═════ Stored data

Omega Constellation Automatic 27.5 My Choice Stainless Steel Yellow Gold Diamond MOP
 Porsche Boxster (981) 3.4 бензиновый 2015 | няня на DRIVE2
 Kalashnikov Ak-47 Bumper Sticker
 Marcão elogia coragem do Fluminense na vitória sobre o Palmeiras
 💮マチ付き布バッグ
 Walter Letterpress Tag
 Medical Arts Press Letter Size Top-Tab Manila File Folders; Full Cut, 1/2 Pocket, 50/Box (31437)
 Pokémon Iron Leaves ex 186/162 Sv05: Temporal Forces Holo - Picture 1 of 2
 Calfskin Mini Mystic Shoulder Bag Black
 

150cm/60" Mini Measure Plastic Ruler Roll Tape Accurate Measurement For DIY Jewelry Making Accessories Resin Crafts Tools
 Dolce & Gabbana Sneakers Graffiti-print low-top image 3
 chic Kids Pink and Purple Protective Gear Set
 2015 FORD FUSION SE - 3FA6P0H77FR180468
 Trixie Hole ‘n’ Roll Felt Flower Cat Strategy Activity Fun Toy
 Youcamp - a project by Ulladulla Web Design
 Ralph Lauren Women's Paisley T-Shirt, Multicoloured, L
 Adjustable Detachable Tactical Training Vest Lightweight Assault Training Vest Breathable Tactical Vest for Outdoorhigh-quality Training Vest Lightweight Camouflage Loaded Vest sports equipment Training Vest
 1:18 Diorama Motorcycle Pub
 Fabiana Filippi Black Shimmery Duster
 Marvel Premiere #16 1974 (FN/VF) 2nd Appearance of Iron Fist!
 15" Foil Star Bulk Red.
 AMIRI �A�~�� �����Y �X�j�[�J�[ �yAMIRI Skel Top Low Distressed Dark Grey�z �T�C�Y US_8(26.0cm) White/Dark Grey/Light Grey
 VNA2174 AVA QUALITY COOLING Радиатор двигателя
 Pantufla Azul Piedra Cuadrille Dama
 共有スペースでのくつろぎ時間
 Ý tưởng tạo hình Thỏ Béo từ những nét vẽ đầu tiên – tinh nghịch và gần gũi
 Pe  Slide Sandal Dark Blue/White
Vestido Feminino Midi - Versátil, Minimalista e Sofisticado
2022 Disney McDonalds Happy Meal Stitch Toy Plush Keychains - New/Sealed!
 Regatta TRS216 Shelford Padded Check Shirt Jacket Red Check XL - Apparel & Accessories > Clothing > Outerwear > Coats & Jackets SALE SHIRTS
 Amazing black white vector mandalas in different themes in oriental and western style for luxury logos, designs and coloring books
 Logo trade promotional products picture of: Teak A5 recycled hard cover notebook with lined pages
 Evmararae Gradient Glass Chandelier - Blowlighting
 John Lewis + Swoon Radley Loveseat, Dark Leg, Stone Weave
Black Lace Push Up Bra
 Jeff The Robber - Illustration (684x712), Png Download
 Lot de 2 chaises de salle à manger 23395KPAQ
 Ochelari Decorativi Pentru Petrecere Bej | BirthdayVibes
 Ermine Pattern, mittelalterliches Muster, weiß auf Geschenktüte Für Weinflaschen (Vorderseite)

══════════

Requirement:
With no line skipped, copy the entries exactly as written.

Exercise answer:
Omega Constellation Automatic 27.5 My Choice Stainless Steel Yellow Gold Diamond MOP
 Porsche Boxster (981) 3.4 бензиновый 2015 | няня на DRIVE2
 Kalashnikov Ak-47 Bumper Sticker
 Marcão elogia coragem do Fluminense na vitória sobre o Palmeiras
 💮マチ付き布バッグ
 Walter Letterpress Tag
 Medical Arts Press Letter Size Top-Tab Manila File Folders; Full Cut, 1/2 Pocket, 50/Box (31437)
 Pokémon Iron Leaves ex 186/162 Sv05: Temporal Forces Holo - Picture 1 of 2
 Calfskin Mini Mystic Shoulder Bag Black
 

150cm/60" Mini Measure Plastic Ruler Roll Tape Accurate Measurement For DIY Jewelry Making Accessories Resin Crafts Tools
 Dolce & Gabbana Sneakers Graffiti-print low-top image 3
 chic Kids Pink and Purple Protective Gear Set
 2015 FORD FUSION SE - 3FA6P0H77FR180468
 Trixie Hole ‘n’ Roll Felt Flower Cat Strategy Activity Fun Toy
 Youcamp - a project by Ulladulla Web Design
 Ralph Lauren Women's Paisley T-Shirt, Multicoloured, L
 Adjustable Detachable Tactical Training Vest Lightweight Assault Training Vest Breathable Tactical Vest for Outdoorhigh-quality Training Vest Lightweight Camouflage Loaded Vest sports equipment Training Vest
 1:18 Diorama Motorcycle Pub
 Fabiana Filippi Black Shimmery Duster
 Marvel Premiere #16 1974 (FN/VF) 2nd Appearance of Iron Fist!
 15" Foil Star Bulk Red.
 AMIRI �A�~�� �����Y �X�j�[�J�[ �yAMIRI Skel Top Low Distressed Dark Grey�z �T�C�Y US_8(26.0cm) White/Dark Grey/Light Grey
 VNA2174 AVA QUALITY COOLING Радиатор двигателя
 Pantufla Azul Piedra Cuadrille Dama
 共有スペースでのくつろぎ時間
 Ý tưởng tạo hình Thỏ Béo từ những nét vẽ đầu tiên – tinh nghịch và gần gũi
 Pe  Slide Sandal Dark Blue/White
Vestido Feminino Midi - Versátil, Minimalista e Sofisticado
2022 Disney McDonalds Happy Meal Stitch Toy Plush Keychains - New/Sealed!
 Regatta TRS216 Shelford Padded Check Shirt Jacket Red Check XL - Apparel & Accessories > Clothing > Outerwear > Coats & Jackets SALE SHIRTS
 Amazing black white vector mandalas in different themes in oriental and western style for luxury logos, designs and coloring books
 Logo trade promotional products picture of: Teak A5 recycled hard cover notebook with lined pages
 Evmararae Gradient Glass Chandelier - Blowlighting
 John Lewis + Swoon Radley Loveseat, Dark Leg, Stone Weave
Black Lace Push Up Bra
 Jeff The Robber - Illustration (684x712), Png Download
 Lot de 2 chaises de salle à manger 23395KPAQ
 Ochelari Decorativi Pentru Petrecere Bej | BirthdayVibes
 Ermine Pattern, mittelalterliches Muster, weiß auf Geschenktüte Für Weinflaschen (Vorderseite)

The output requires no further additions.